Not hijacked at all. Please do update me with your thoughts. 

Here is some photos of my 9g tank that I didn't mention about. It's gonna be for shrimps. 

















I will start a new journal when I get more stuff in. They are in the mail right now.


----------



## dunehole (Sep 13, 2011)

That looks like fun to me. I hope I can find tanks at the price you are once I get relocated. 

Looking forward to your up-coming journals. And I'll keep you updated on my 17g.


----------



## Higher Thinking (Mar 16, 2011)

I have an Odyssea 48" that works well. I have managed to suspend it although it is not aesthetically pleasing as units that are meant to be hung. A thing to keep in mind though is that there is no warranty for Odyssea products but the Coralifes that are sold on E-bay come with a 5 year warranty on ballasts.


----------



## dunehole (Sep 13, 2011)

Higher Thinking said:


> I have an Odyssea 48" that works well. I have managed to suspend it although it is not aesthetically pleasing as units that are meant to be hung. A thing to keep in mind though is that there is no warranty for Odyssea products but the Coralifes that are sold on E-bay come with a 5 year warranty on ballasts.


Thanks for the info. Do you have a pic of how you hung it? Did you just drill holes in the top?


----------



## KenRC51 (Oct 13, 2011)

Higher Thinking said:


> I have an Odyssea 48" that works well. I have managed to suspend it although it is not aesthetically pleasing as units that are meant to be hung. A thing to keep in mind though is that there is no warranty for Odyssea products but the Coralifes that are sold on E-bay come with a 5 year warranty on ballasts.


I'm so glad to hear that your Odyssea is working well. Still waiting on mine to come in the mail.


----------



## Higher Thinking (Mar 16, 2011)

dunehole said:


> Thanks for the info. Do you have a pic of how you hung it?

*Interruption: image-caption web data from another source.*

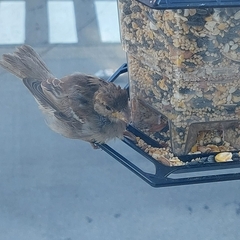 Passer domesticus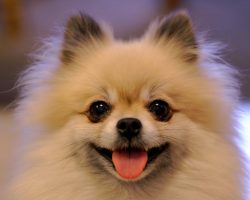 10 Best Pomeranian Dog Names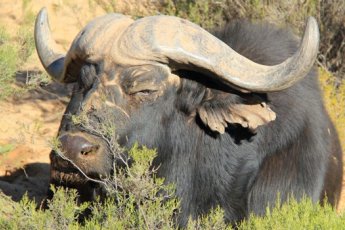 2-day-big-5-safari-shark-diving-tour-dow 92005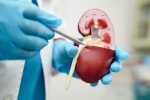 Creatinine Levels breaking updates, Creatinine Levels for kidneys, tips to lower your creatinine levels, Kidney health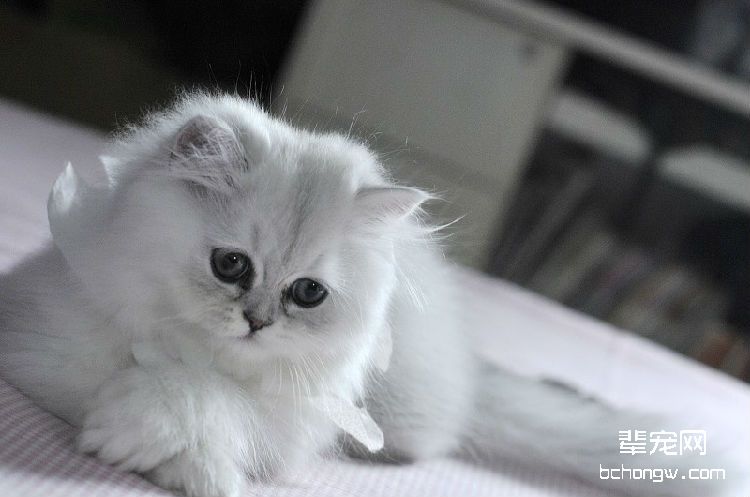 夏季猫咪皮肤病的三大诱因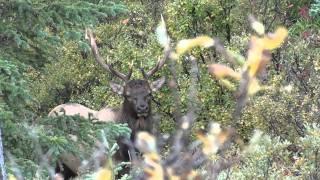 HOWTOHUNT.COM   close up elk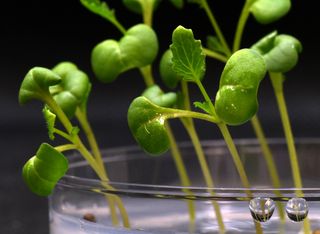 Cientistas descobrem como cultivar plantas na escuridão total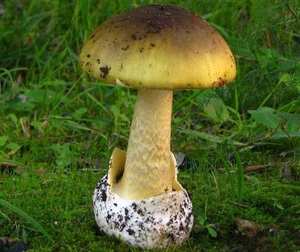 Volva — white sac cup at base (MANDATORY check); dig up every Amanita to inspect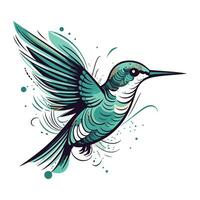 Hummingbird hand drawn vector illustration. Isolated on white background.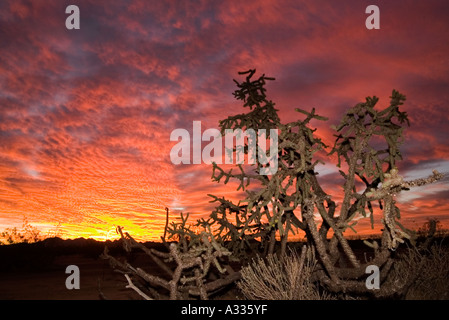 Un arbre est cholla cactus silouetted contre un coucher de soleil sur la Sierrita Mountains in Tucson Arizona USA Banque D'Images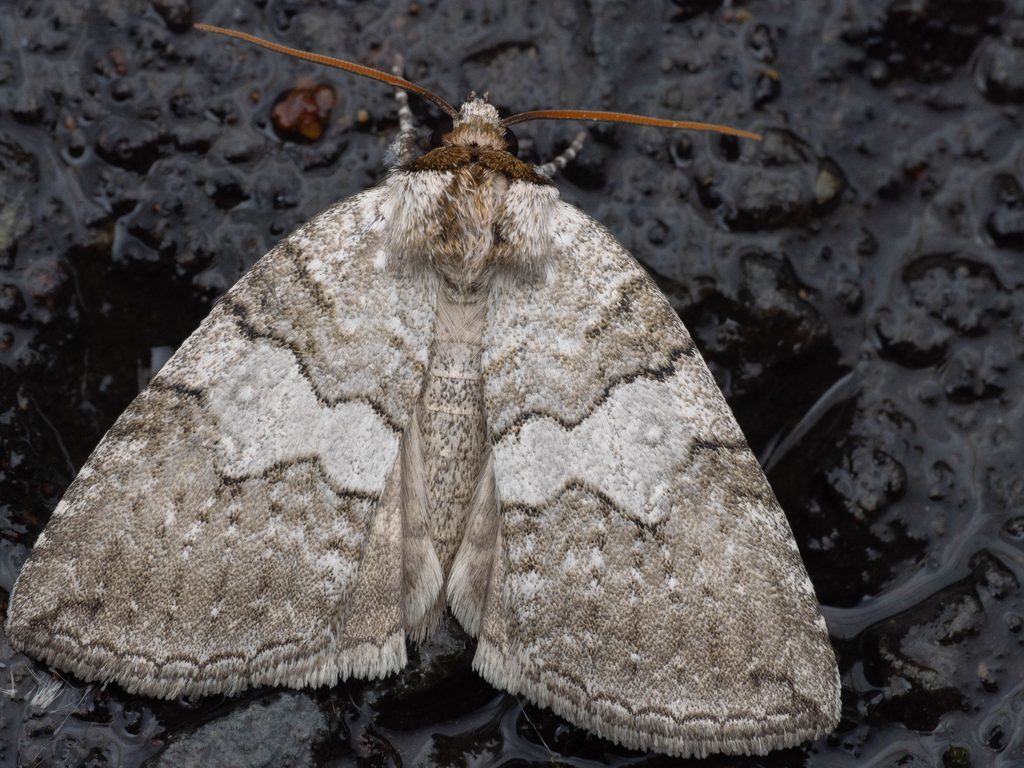 Parapsestis albida Suzuki, 1916 photograph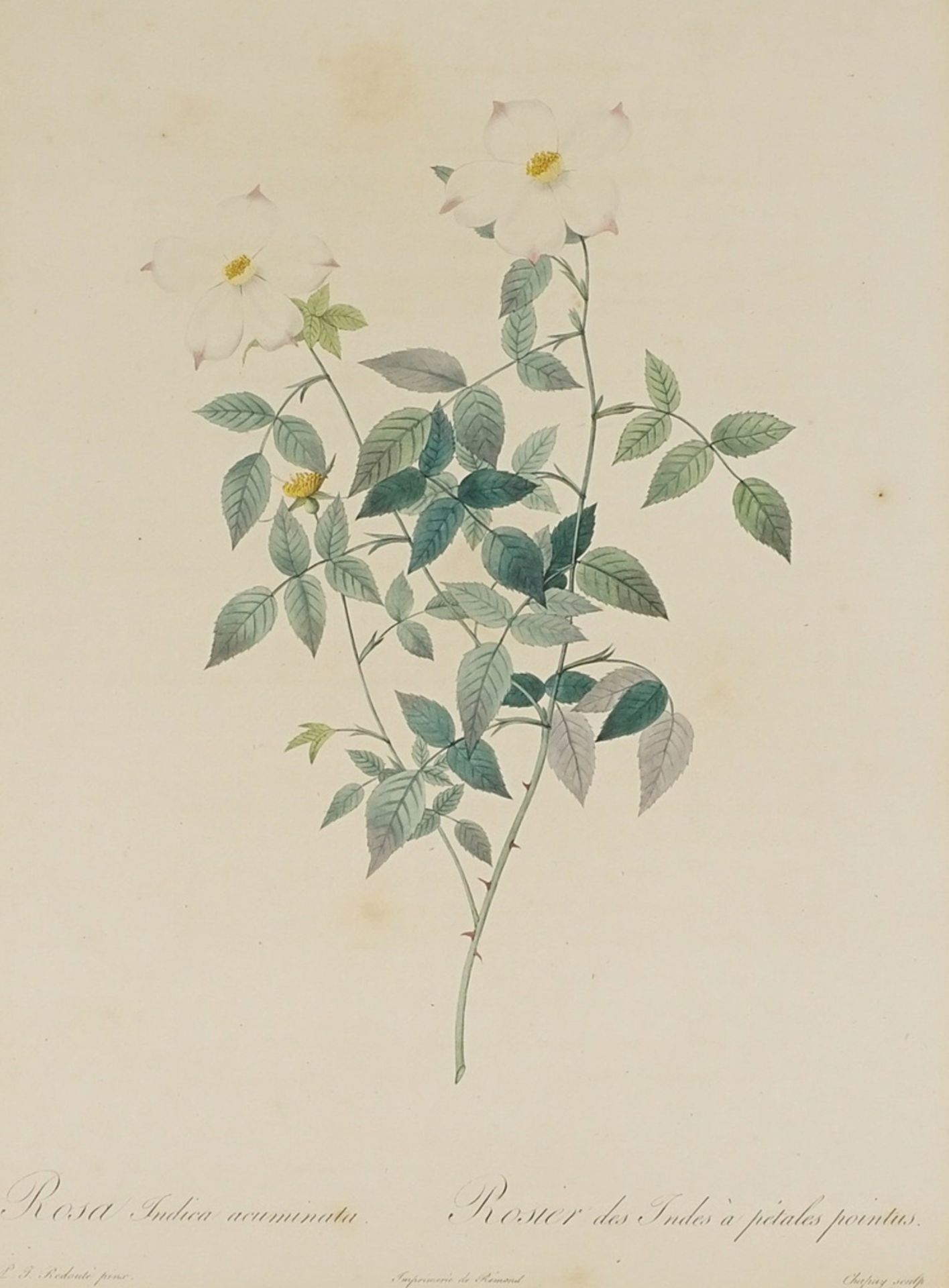 Pierre-Joseph Redouté (1759-1840), "Rosa Indica acuminata./Rosier des Indes à pétales pointus."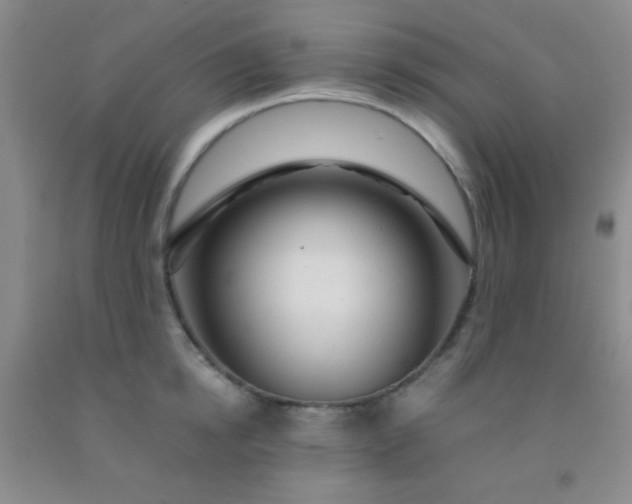 X0000092020854200709201550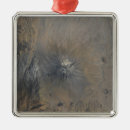 Pesquisar por tanzânia ornamentos Paisagem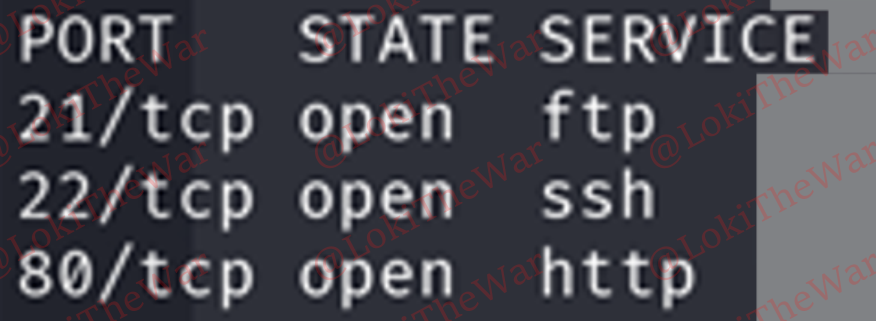 OSCP+ .110- 21,22,80 full Report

Did you just drill holes in the top?


Check out this thread I made:
http://www.plantedtank.net/forums/diy/143891-using-emt-piping-suspending-light.html


----------



## dunehole (Sep 13, 2011)

Perfect, thanks higher.


----------



## KenRC51 (Oct 13, 2011)

Alrite, I got some more stuff and gonna start the tank running tomorrow morning. Gonna take some photos right now and post it.


----------



## KenRC51 (Oct 13, 2011)

The lights are not for this 9g tank. It's gonna be for my 17g, still waiting for the fish store to get it in. 









How should I layout these rocks?



























LED moon light











































































































The top plug is for the LED moon lights.

So far I am happy with the lights. Everything works and lights are really bright. The fixture is pretty sturdy and build quality is OK, what can you except for a $65 light. In fact, if it was priced for $100 I wouldn't mind paying for it...its worth it to me. 

Dunehole, I don't see mounting brackets so the best way to mount is it probably what the other guys posted the link to.


----------



## dunehole (Sep 13, 2011)

Yeah, I am studying your pics and I dont see any other way to do it. Unless I drilled through the center, messing up the reflector, and put in some hanging wire...


----------